Electrophysiological Techniques, Membrane Potential, and Electrophysiological Techniques ...

Electrophysiology is a procedure for measuring the electrical activity or excitability of biological cells (be they muscle cells, neurons, or stem cells). This can be done at a single-cell level, or it can involve simultaneous measurements from hundreds or thousands of cells.

What is electrophysiology?

Membrane potential, action potential steps, and action potential graph

Potential for Membrane

- Action possibilities and diagram

Potential rated versus action potential

Equipment in electrophysiology

Intracellular recording of electrophysiological techniques

Patch clamp

Current-clamp

- Voltage doppelgang

Extracellular recording of electrophysiological techniques

- Recording of single units

Multi-unit recording

Multielectrode arrays (MEA)

Integral recording versus extracellular recording

Electrophysiology applications and examples in practice

Pre-clinical research

Drug discovery

Electrophysiology in Clinical Practice

This article focuses on single-cell electrophysiology and outlines the fundamentals of electrophysiological research by describing the ionic basis of action potentials and the various electrophysiological techniques used to investigate and understand excitable tissues and organs.

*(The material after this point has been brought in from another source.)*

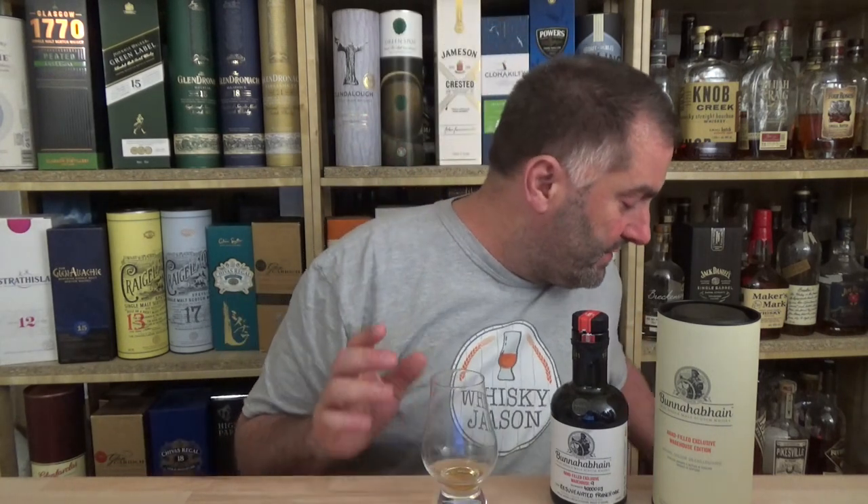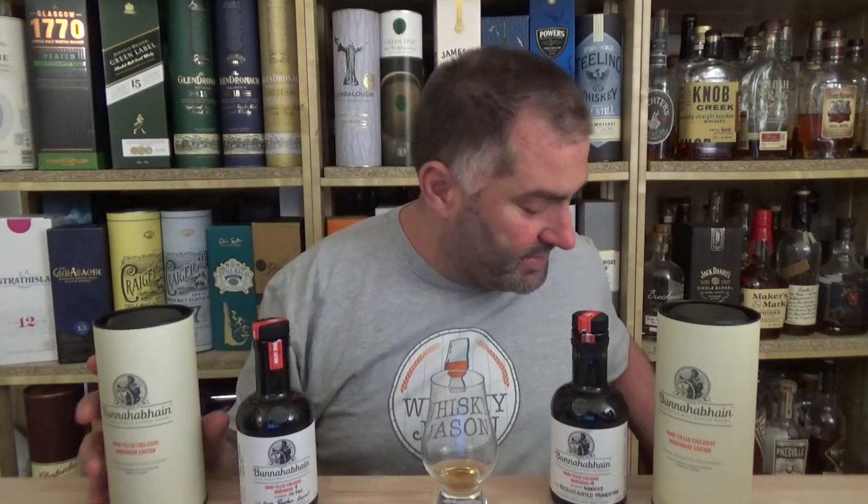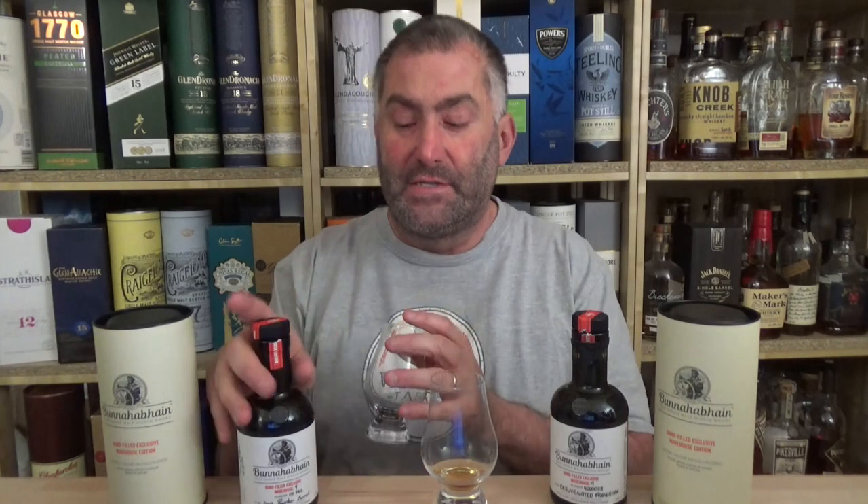Going back to our bottle, I'm going to compare it to a Bunnahabhain I've already tried — the bourbon barrel, which says it's from 2007. That's nice to know; that's what inquiring whiskey drinkers want. So that was bottled in 2020, making it 12 years old. This French oak was bottled in 2019, and I mentioned that in my last video.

What is electrophysiology?

Electrophysiology is a research into the electrical properties of biological circuits in tissues, tissues, whole organs, and systems.

Regardless of Ohms law, any electronic circuit (such as a radio or a computer) includes a battery connected to components by copper wires, through which negatively charged electrons flow and perform, according to voltage (V) = current (I) x resistance (R).

ions are regulated by ion channelsenzymes that catalyze the passive flow of ions down electrochemical gradients in biology. However, the biology also has a few layers of complexity.

Scientists have worked at the intersection of physics and physiology to pioneer our understanding of what makes cells excitable.1

Over the last hundred years, advances in electrophysiology theory, techniques, and equipment have greatly enhanced our understanding of how the body works, including fundamental knowledge of the heart, the brain (and other organs), and improved diagnosis and treatment of disease.

In the early 1950s, Hodgkin and Huxley uncovered the ionic basis of the neuronal action potential, triggering an intense period of research in electrode design.4 In 1981, Sakmann and Neher patented glass micropipettes capable of measuring ion flow through single ion channels or across a single cell membrane. This technology further encnered the exploration of how excitable cells work.6 This technique enables scientists to study the fundamental mechanisms behind excitability and brain function.

Membrane potential, action potential steps, and action potential graph

The voltage or potential difference across the cell membrane is caused by the hydrophobic membrane separating charges, acting as a capacitor and resistor to the movement of charged ions across it.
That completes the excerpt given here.